Marsa Open Centre for Refugees and Asylum Seekers – pictured on the left -- has been run in recent years by an NGO, the Foundation for Shelter and Support to Migrants, but shortly before my visit it was announced that the Maltese government were about to reinstate its direct control over the running of the Centre.
As of September 2015, Marsa was one of the largest of seven Open Centres on the island with approximately four hundred male migrants and refugees typically aged between 18 and 34 housed there.
With its high perimeter fence, security gates, and moat of stagnant water, it seems oxymoronic to think of this site as being ‘Open’ and from the outside the Centre appears to confirm all my suspicions about the nature of detention centres.

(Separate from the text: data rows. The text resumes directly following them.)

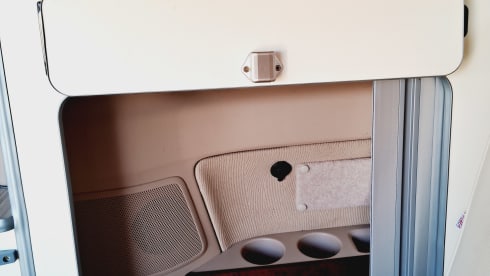 Mabel – Easy to drive, cosy automatic camper 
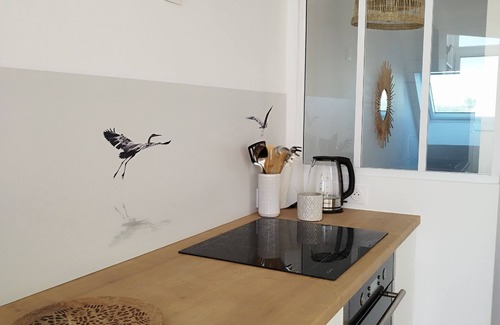 La Turballe Apartment | Facing the sea, direct beach access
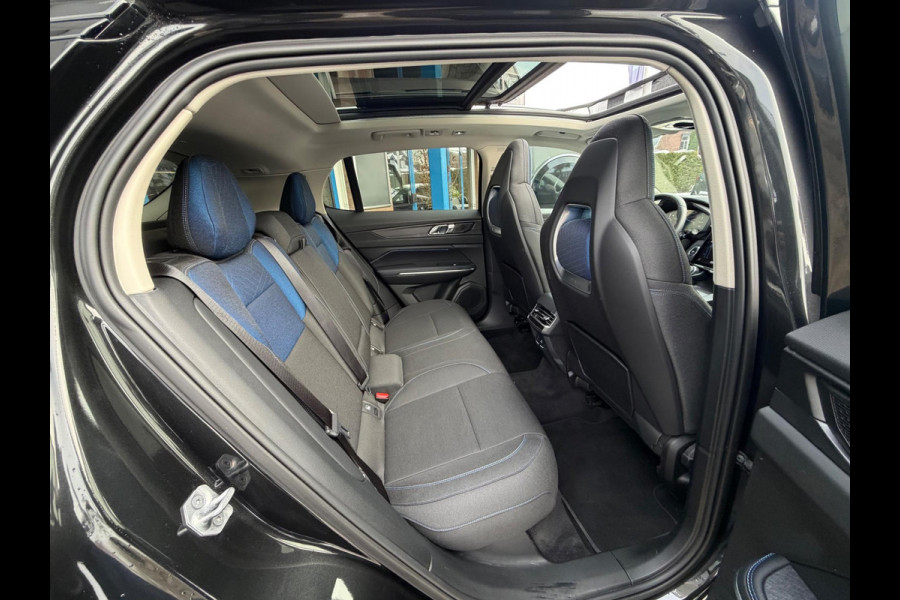 Lynk & Co 01 1.5 Zwart AUT NAVI CAMERA LM NAP 1e Eig!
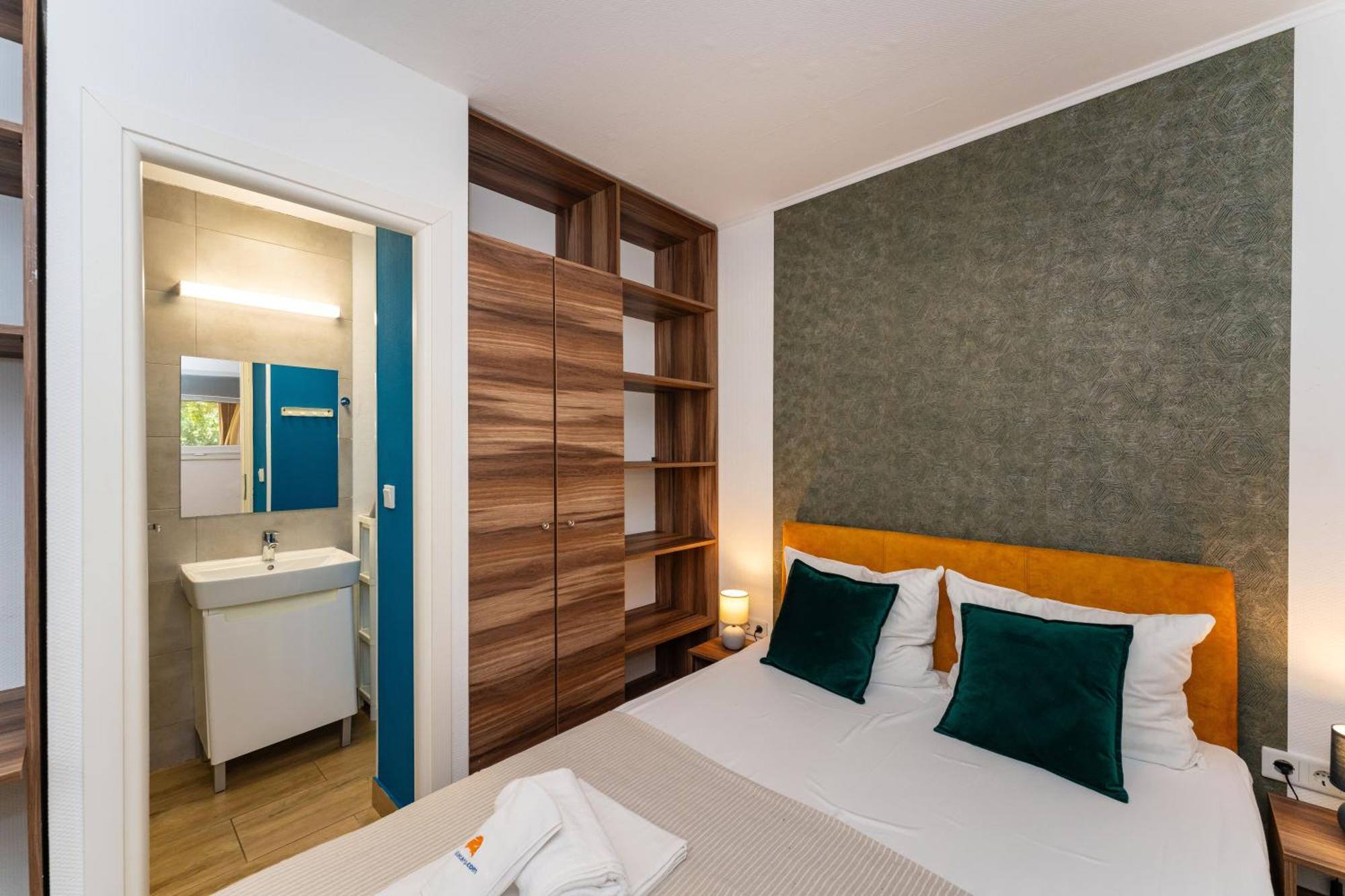Croatia Camp Premium Hotel Водице Екстериор снимка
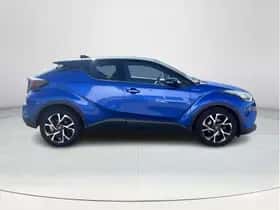 Toyota C-HR (2018) thumbnail 6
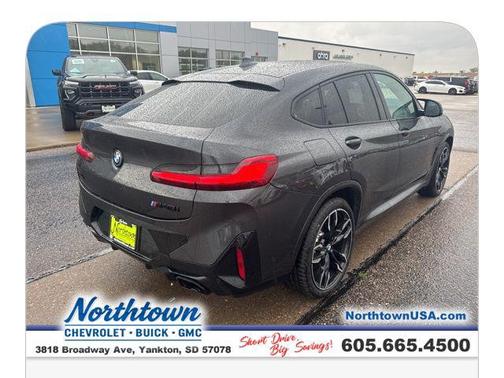 2024 BMW X4 M40i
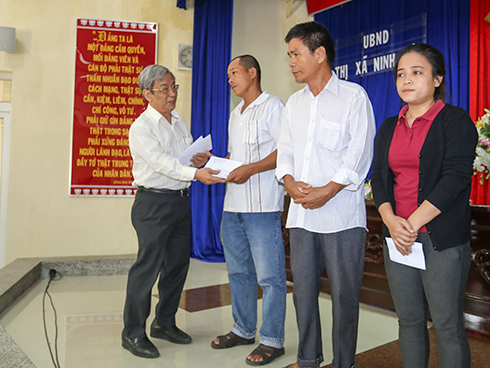 Thăm, hỗ trợ các gia đình có người thiệt mạng, sập nhà sau bão tại Ninh Hòa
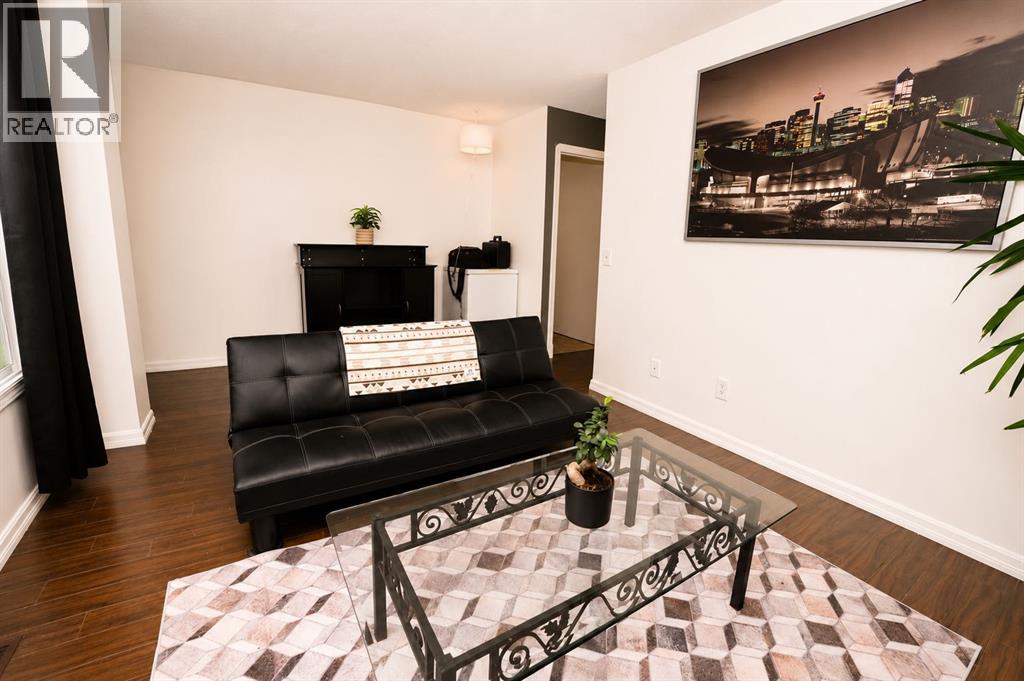 6527 Huntsbay Road NW, Calgary, Alberta  T2K 5R3 - Photo 8 - A2332141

The Maltese detention estate has attracted international criticism – in the 2013 case of Aden Ahmed, for example, the European Court ruled that Malta’s conditions of immigration detention amounted to ill-treatment.

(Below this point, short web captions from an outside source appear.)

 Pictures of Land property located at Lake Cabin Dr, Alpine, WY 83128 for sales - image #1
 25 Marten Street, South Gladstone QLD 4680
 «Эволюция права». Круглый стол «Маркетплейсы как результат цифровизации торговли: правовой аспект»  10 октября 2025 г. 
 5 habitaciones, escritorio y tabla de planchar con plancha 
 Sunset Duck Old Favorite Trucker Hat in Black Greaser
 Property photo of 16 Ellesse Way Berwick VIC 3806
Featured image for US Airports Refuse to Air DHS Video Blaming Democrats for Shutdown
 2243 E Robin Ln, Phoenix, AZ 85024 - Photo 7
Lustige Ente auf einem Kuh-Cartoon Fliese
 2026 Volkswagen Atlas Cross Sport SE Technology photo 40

Marsa, however, is generally well-regarded as a Centre where individuals granted refugee or subsidiary protection status can live with the support of NGOs and migrant activist networks.
Looks from the outside can be deceiving – Marsa contains its own shops, restaurants, cinema, mosque, hairdressing salon, all of which are run currently by migrant and refugee communities themselves.
Far from a place of boredom, solitude, violence, and poor sanitation then – all of the features I have associated with detention centres and indeed written about in my own work – Marsa is praised by the people we talk to for offering educational opportunities such as courses in craftsmanship, English, and ICT. It is a border community.
Social workers and psychologists are able to access relatively freely -- albeit the Maltese Agency for the Welfare of Asylum Seekers did not allow myself and the team to go inside the Centre.
The hairdressing salon at Marsa is of particular importance in terms of catering for the needs of refugees and making them feel a sense of belonging to a community – one interviewee, a man in his 30s from Eritrea who has been on the island for 8 years, explained that Maltese hair salons often refuse entry to migrant and refugee communities and so this is the only place he can get a decent hair cut.
While detention centres can often be violent sites of exclusion the trip to Marsa made me realise that they can also be sites of inclusion, intellectual productivity and social integration – albeit in spite of their relative seclusion and isolation from the rest of society in this particular case.